Joint STARS and MP-RTIP has some strong congressional support from the Florida, Connecticut and Georgia delegations. Northrop employs about 540 people in Melbourne, Fla., for the E-8C program. About 130 work with the Air Force in support of the 17 aircraft based at Robins Air Force Base, Ga. About 90 work in Norwalk, Conn., on developing the radar technology.

Northrop Grumman and Raytheon are the two contractors working on MP-RTIP. The companies are under contract to develop a smaller version of the radar for the Global Hawk unmanned aerial vehicle.

However, the government has invested in the development of the large radar that would not only enhance air-to-ground surveillance and targeting but also provide cruise-missile defense.

Without more money to finish the development, the nearly $1 billion spent would essentially go to waste, Dave Nagy, vice president for intelligence, surveillance and reconnaissance for Northrop Grumman, said in an interview. He added that the company can begin upgrading the Joint STARS by 2015 and quickly have the rest of the fleet ready.

“There is no capability on the battlefield that is remotely like this,” Nagy said. Without a last investment effort, “the war fighters won’t have this revolutionary capability on the battlefield.”

The radar had been envisioned for an aircraft wider than Boeing’s 707 and therefore would need some adjustments, but Northrop officials say they are not major. The Air Force has contemplated installing the radar on the new KC-45 tanker, also a Northrop Grumman program.

Already, Sen. Joe Lieberman (I-Conn.), the chairman of the Senate Armed Services Air and Land subcommittee, added $98 million in the 2009 defense authorization bill for the development of the large MP-RTIP radar.
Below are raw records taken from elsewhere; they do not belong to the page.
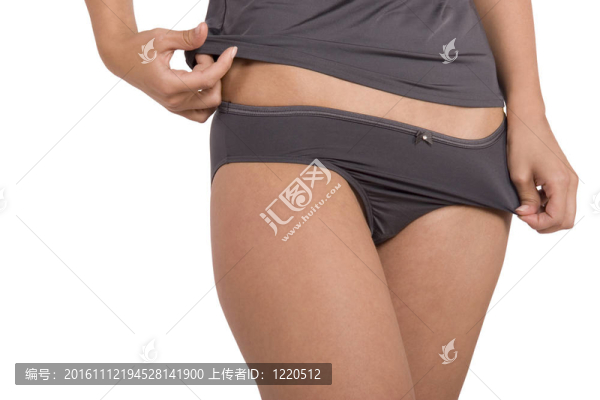 性感的年輕女人穿著灰色內(nèi)衣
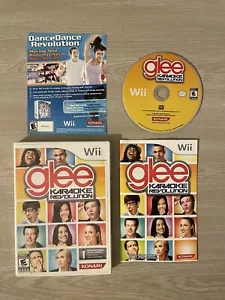 Karaoke Revolution: Glee (Nintendo Wii, 2011) Disc with Manual And Insert - Picture 1 of 4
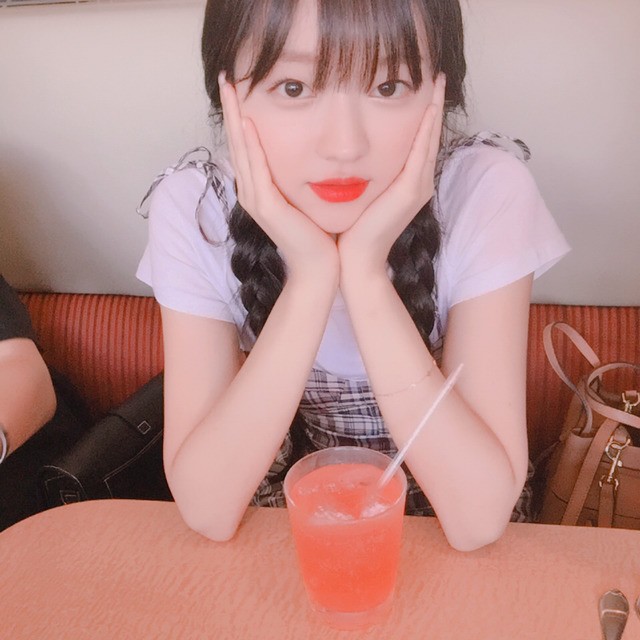 팬사인회에서 서로 참참참 하는 오마이걸 멤버들 | 인스티즈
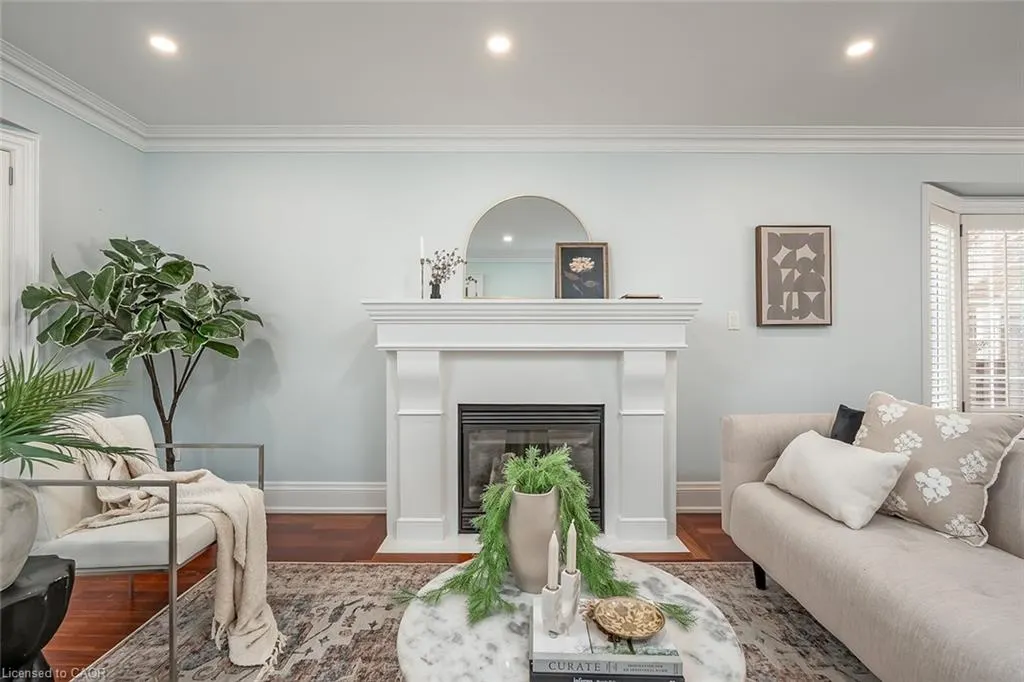 2428 Lakeshore Road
Most of the work for the radar is done at Northrop Grumman is Norwalk, Conn.

The committee recommended that the Air Force pursue a stronger option than the Global Hawk drone alone. The committee recommended the $98 million increase for MP-RTIP to be included either on Joint STARS or some other plane.

Meanwhile, the House Armed Services Committee is marking up its version of the defense bill on Wednesday.

Apart from the 2009 unfunded priority list, the Air Force also included funding requests in the 2008 war supplemental. The Air Force requested $178 million for the radar and $85 million for Joint STARS to address the diminishing manufacturing sources for the radar. Both the House and the Senate are working on the supplemental bill this week.

Northrop’s fight will likely continue for several months as the defense appropriators take up the Pentagon spending bill for 2009. There’s some uncertainty as to whether Congress will pass the defense appropriations bill in an election year or resort to a continuing resolution funding the Pentagon at 2008 levels.